◆ **Exercise requirements**:
Extract every record, exactly as written, and ignore the pictures.

(Dataset records)
___
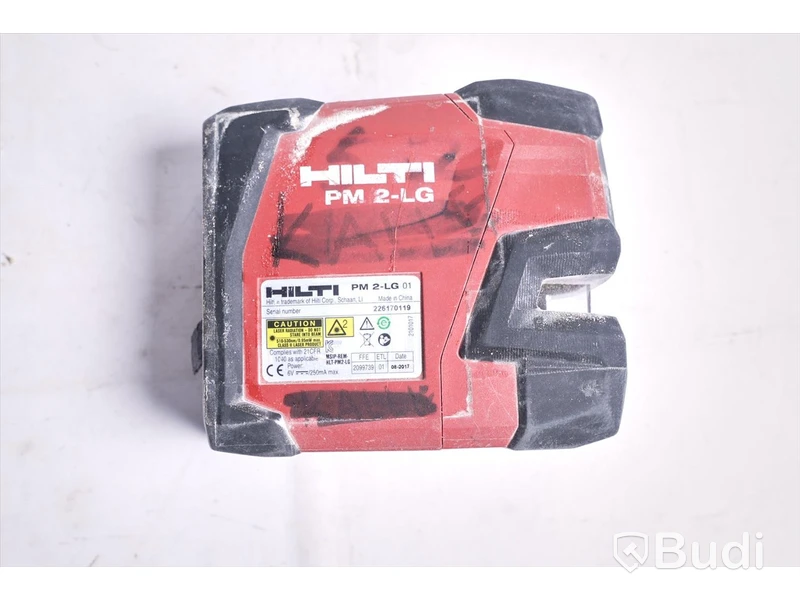Diverse verktyg och tillbehör – Meec Tools, Hilti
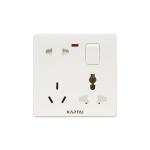 KAPTAI 8 Pin Multi Socket - AU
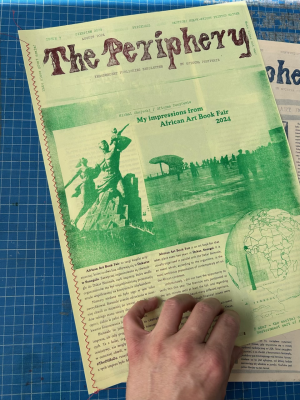 Sąsiedzki weekend z BWA Wrocław: warsztaty malowania w plenerze – dla rodzin z dziećmi, a dla dorosłych – warsztaty projektowania gazety  - 5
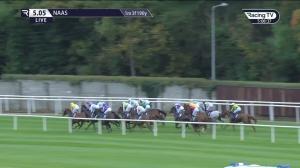 Video preview image for Naas 17:05 - Irish Stallion Farms European Breeders Fund Bluebell Stakes (Listed)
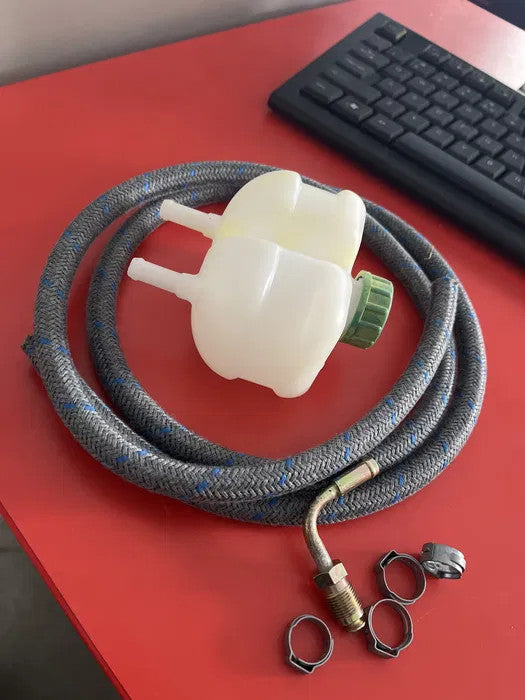 Kit rezervor + Furtun Frâna 133735033 Case IH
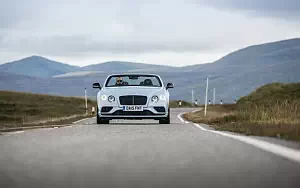 Cars wallpapers Bentley Continental GT V8 S Convertible UK-spec - 2015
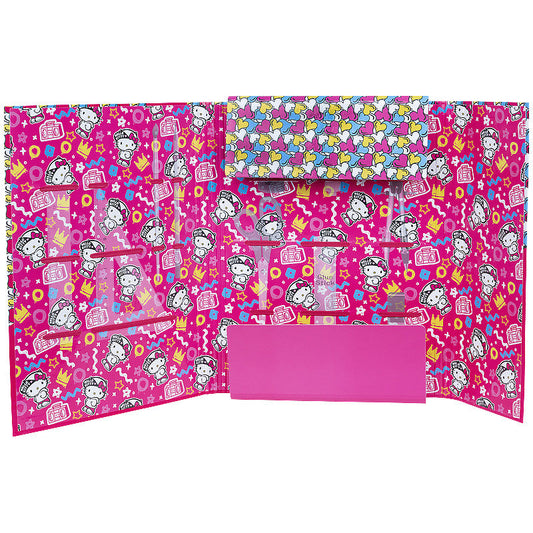 Папка для праці Kite Hello Kitty А4 на гумці (HK19-213)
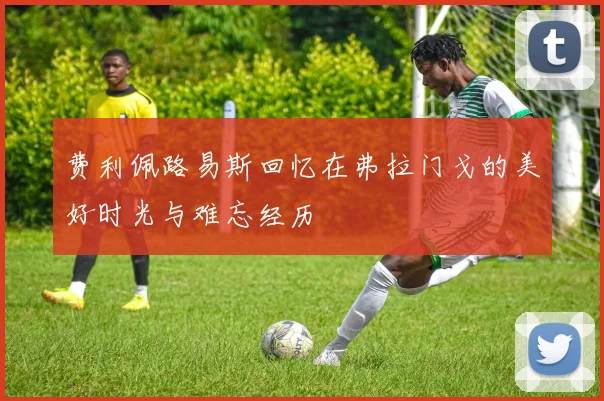 费利佩路易斯回忆在弗拉门戈的美好时光与难忘经历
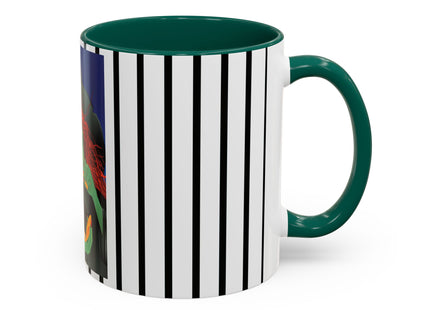 Mirror, Mirror A Witch's Touch Colorful Mugs, (11oz, 15oz)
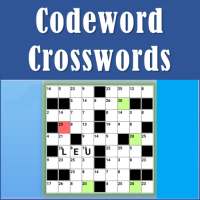 Codeword Puzzles Word games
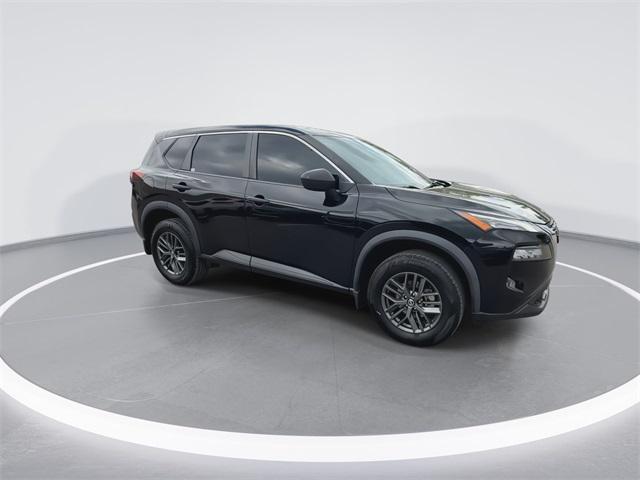 used 2021 Nissan Rogue car, priced at $16,288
___
◆ **Output for this exercise**:
Diverse verktyg och tillbehör – Meec Tools, Hilti
 KAPTAI 8 Pin Multi Socket - AU
 Sąsiedzki weekend z BWA Wrocław: warsztaty malowania w plenerze – dla rodzin z dziećmi, a dla dorosłych – warsztaty projektowania gazety  - 5
 Video preview image for Naas 17:05 - Irish Stallion Farms European Breeders Fund Bluebell Stakes (Listed)
 Kit rezervor + Furtun Frâna 133735033 Case IH
 Cars wallpapers Bentley Continental GT V8 S Convertible UK-spec - 2015
 Папка для праці Kite Hello Kitty А4 на гумці (HK19-213)
 费利佩路易斯回忆在弗拉门戈的美好时光与难忘经历
 Mirror, Mirror A Witch's Touch Colorful Mugs, (11oz, 15oz)
 Codeword Puzzles Word games
 used 2021 Nissan Rogue car, priced at $16,288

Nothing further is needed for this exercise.